The World Without Us
Author: Alan Weisman
Amazon info
Sometimes I take an unusual perspective with respect to dramatic issues such as global warming, overpopulation, or pollution. I think that it simply doesn't matter. The planet will be fine. Humans will either die off, or possibly evolve into some human/machine mix that is capable of living in the new environment. In either case, with the human population greatly reduced, the planet will recover.
So, I was fascinated to see a book available on this exact topic. I had even seen a book review in some magazine with nice graphics illustrating the time lines. I couldn't wait to read it. Of course, it would take forever to show up in the library, but hey, Molly has a new Kindle that required "testing" :). So, I downloaded the book and started reading.

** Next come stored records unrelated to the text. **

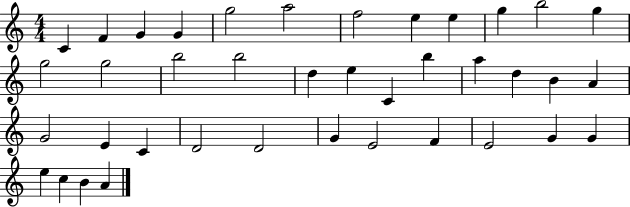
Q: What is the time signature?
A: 4/4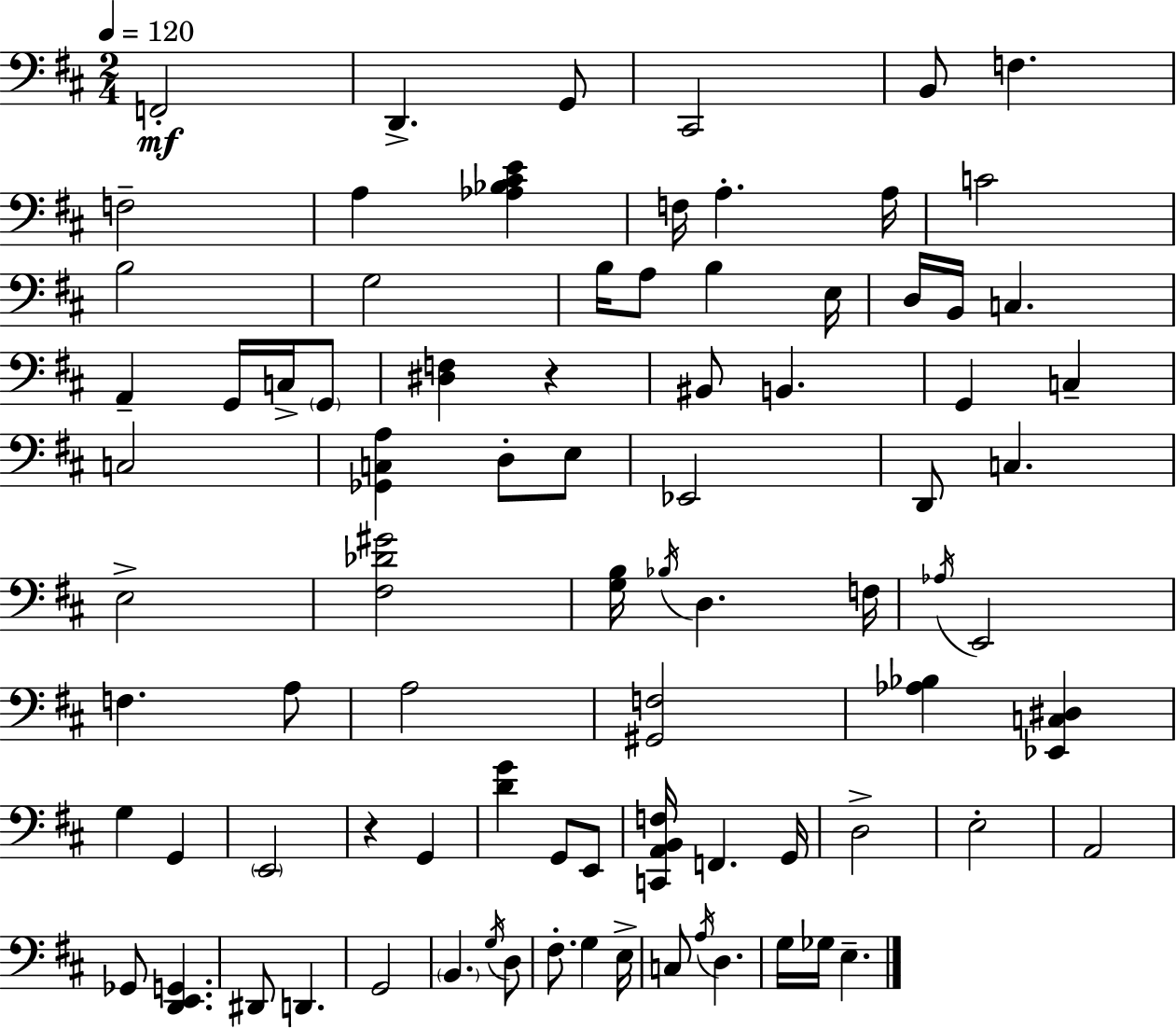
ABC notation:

X:1
T:Untitled
M:2/4
L:1/4
K:D
F,,2 D,, G,,/2 ^C,,2 B,,/2 F, F,2 A, [_A,_B,^CE] F,/4 A, A,/4 C2 B,2 G,2 B,/4 A,/2 B, E,/4 D,/4 B,,/4 C, A,, G,,/4 C,/4 G,,/2 [^D,F,] z ^B,,/2 B,, G,, C, C,2 [_G,,C,A,] D,/2 E,/2 _E,,2 D,,/2 C, E,2 [^F,_D^G]2 [G,B,]/4 _B,/4 D, F,/4 _A,/4 E,,2 F, A,/2 A,2 [^G,,F,]2 [_A,_B,] [_E,,C,^D,] G, G,, E,,2 z G,, [DG] G,,/2 E,,/2 [C,,A,,B,,F,]/4 F,, G,,/4 D,2 E,2 A,,2 _G,,/2 [D,,E,,G,,] ^D,,/2 D,, G,,2 B,, G,/4 D,/2 ^F,/2 G, E,/4 C,/2 A,/4 D, G,/4 _G,/4 E,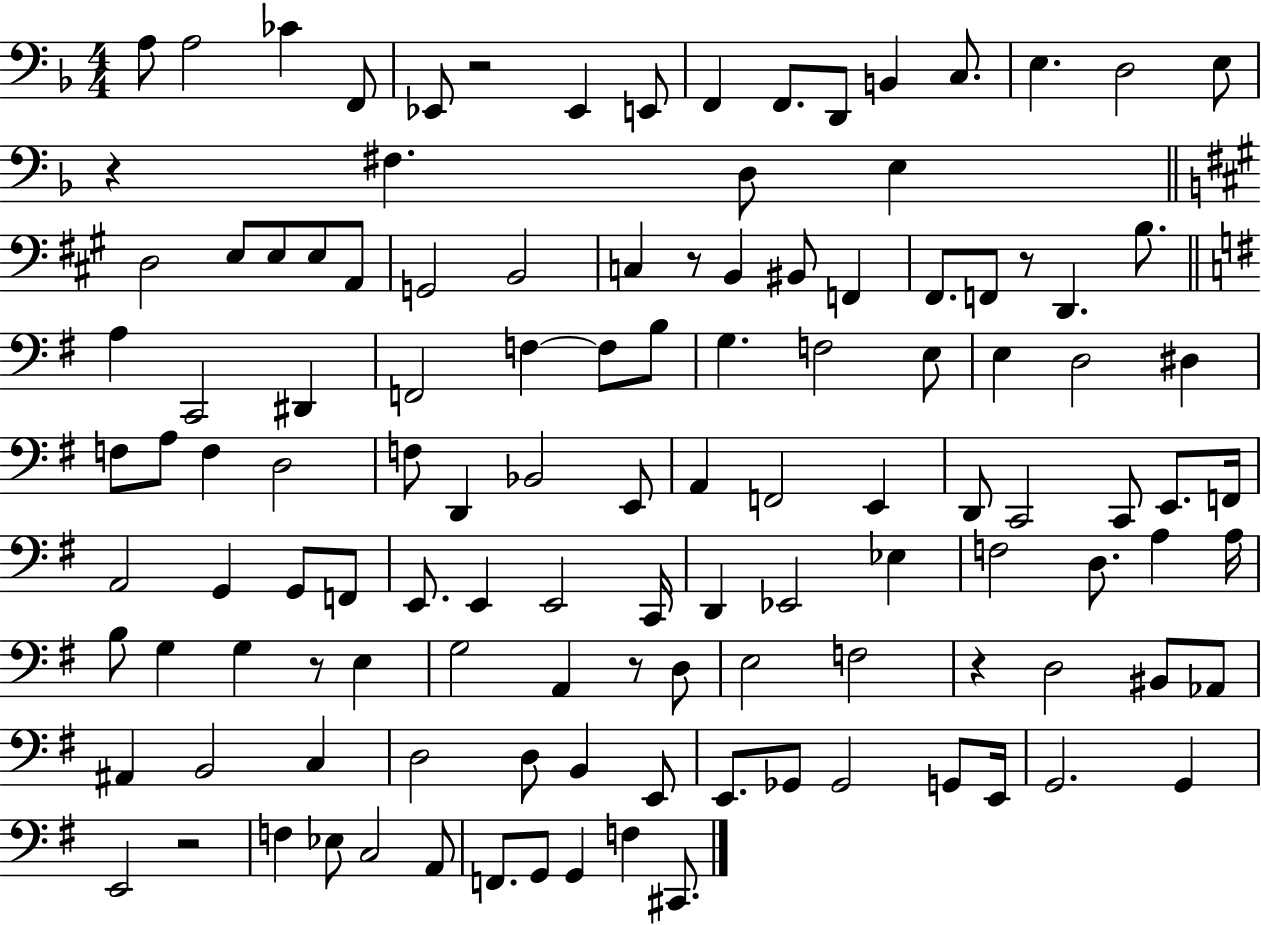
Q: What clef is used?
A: bass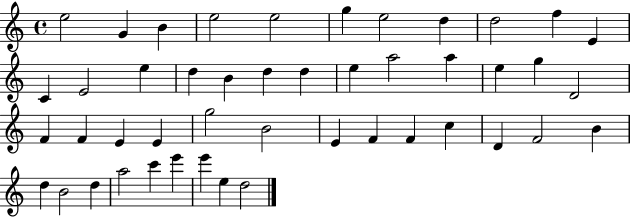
E5/h G4/q B4/q E5/h E5/h G5/q E5/h D5/q D5/h F5/q E4/q C4/q E4/h E5/q D5/q B4/q D5/q D5/q E5/q A5/h A5/q E5/q G5/q D4/h F4/q F4/q E4/q E4/q G5/h B4/h E4/q F4/q F4/q C5/q D4/q F4/h B4/q D5/q B4/h D5/q A5/h C6/q E6/q E6/q E5/q D5/h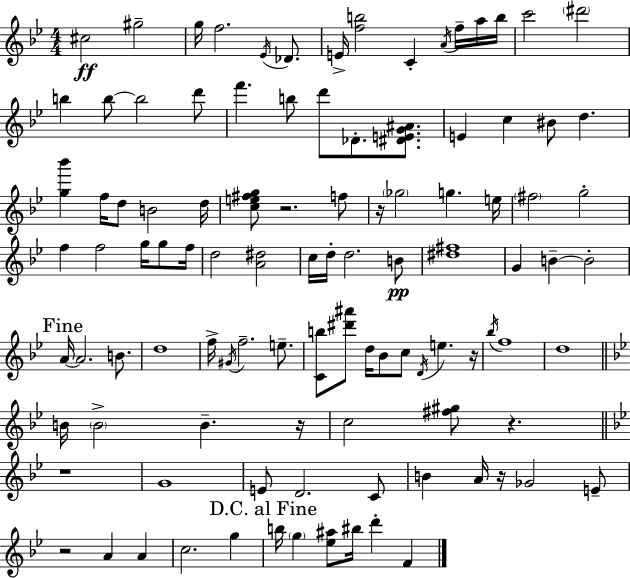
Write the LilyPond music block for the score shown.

{
  \clef treble
  \numericTimeSignature
  \time 4/4
  \key g \minor
  cis''2\ff gis''2-- | g''16 f''2. \acciaccatura { ees'16 } des'8. | e'16-> <f'' b''>2 c'4-. \acciaccatura { a'16 } f''16-- | a''16 b''16 c'''2 \parenthesize dis'''2 | \break b''4 b''8~~ b''2 | d'''8 f'''4. b''8 d'''8 des'8.-. <dis' e' g' ais'>8. | e'4 c''4 bis'8 d''4. | <g'' bes'''>4 f''16 d''8 b'2 | \break d''16 <c'' e'' fis'' g''>8 r2. | f''8 r16 \parenthesize ges''2 g''4. | e''16 \parenthesize fis''2 g''2-. | f''4 f''2 g''16 g''8 | \break f''16 d''2 <a' dis''>2 | c''16 d''16-. d''2. | b'8\pp <dis'' fis''>1 | g'4 b'4--~~ b'2-. | \break \mark "Fine" a'16~~ a'2. b'8. | d''1 | f''16-> \acciaccatura { gis'16 } f''2.-- | e''8.-- <c' b''>8 <dis''' ais'''>8 d''16 bes'8 c''8 \acciaccatura { d'16 } e''4. | \break r16 \acciaccatura { bes''16 } f''1 | d''1 | \bar "||" \break \key bes \major b'16 \parenthesize b'2-> b'4.-- r16 | c''2 <fis'' gis''>8 r4. | \bar "||" \break \key bes \major r1 | g'1 | e'8 d'2. c'8 | b'4 a'16 r16 ges'2 e'8-- | \break r2 a'4 a'4 | c''2. g''4 | \mark "D.C. al Fine" b''16 \parenthesize g''4 <ees'' ais''>8 bis''16 d'''4-. f'4 | \bar "|."
}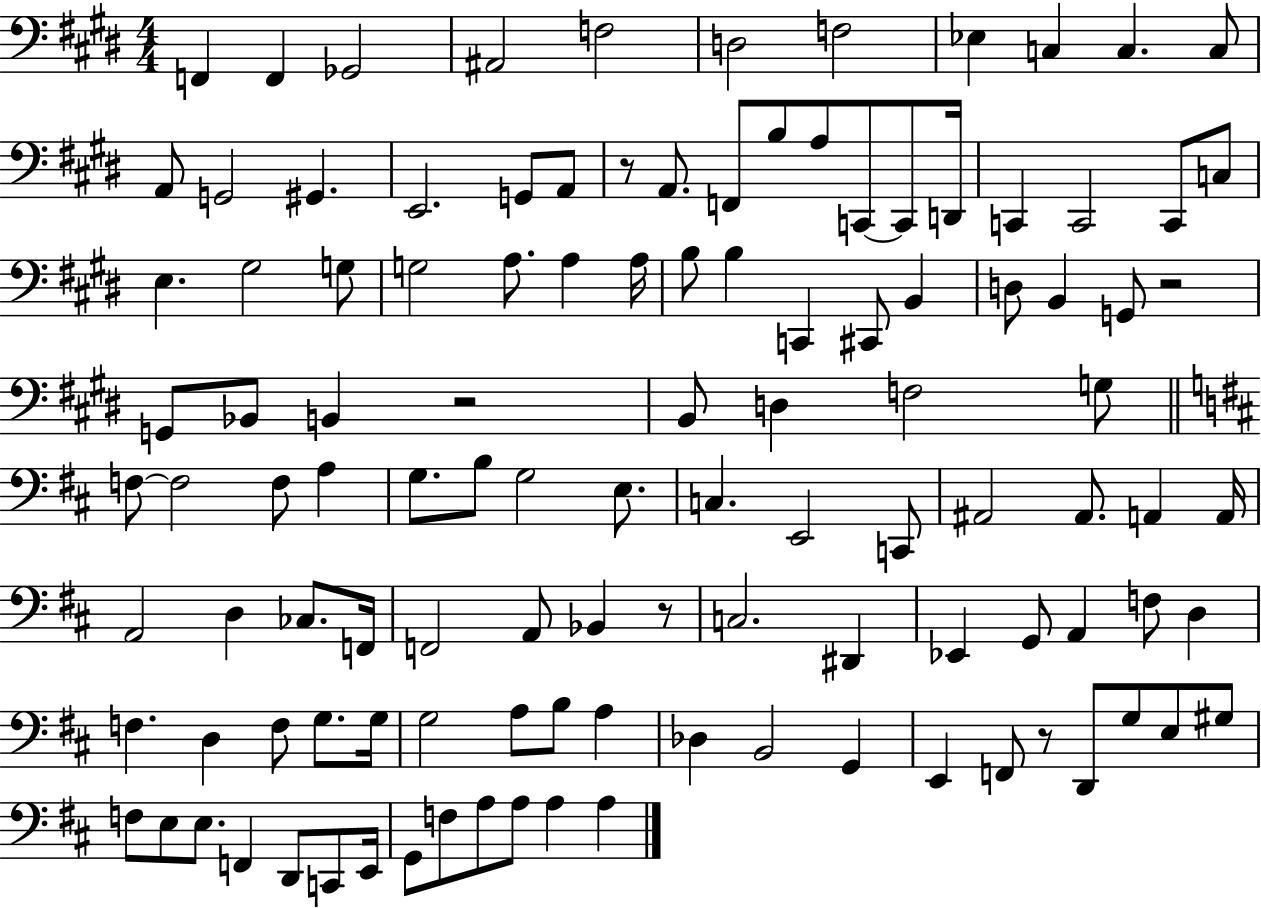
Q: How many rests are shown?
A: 5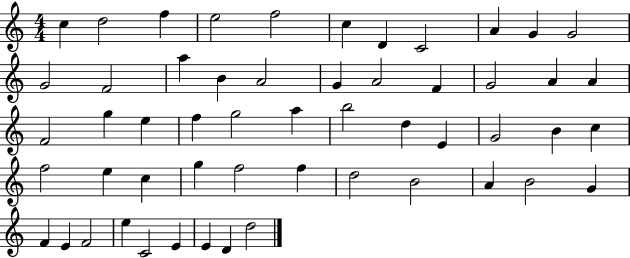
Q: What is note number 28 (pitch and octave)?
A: A5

Disappointing (but mostly due to high hopes). First, it might have been reading it on the Kindle - which I find works very well for fiction and historical fiction, but I haven't read much non-fiction on it. Or perhaps it was the poor organization of the book. I am guessing the latter. I certainly noticed that most of the paragraphs were written in "mystery form" - a series of teasers with the final answer at the end. For example (making this up) - "Then there emerged the greatest ecological danger that humanity had ever faced.... on and on for five more sentences, until it finally resolves as something like 'plastic bags' ". The book seemed to go on for an overly long time without much coherent structure. At times I felt "lost" as in where am I in the author's train of thought and where are we going.
On the positive side, each of the sections was interesting (if somewhat repetitive) and the scope of the book is admittedly huge. The question pondered is what would happen if one day humans all miraculously disappear. What would fall apart (nearly everything), what would remain (ceramics, bronze, glass, dioxins, nuclear waste), and what would happen. I was expecting a chronological treatment (perhaps misled by the timelines in the magazine article) - and it would be a challenge to do a worldwide timeline. So instead, the author has chapters that cover various topics. There is a chapter on what works of humans survive, there is a chapter on the Korean DMZ (which has been human free for about 50 years), there is a chapter on bronze and how ceramics survive. All in all, lots of useful information (plastic bags turn out to be especially evil) - but perhaps it could have been better organized. Reading it felt like 800 pages, but according to Amazon, the page count is only 336 pages.
Recommended: To those interested in future visions, green reading.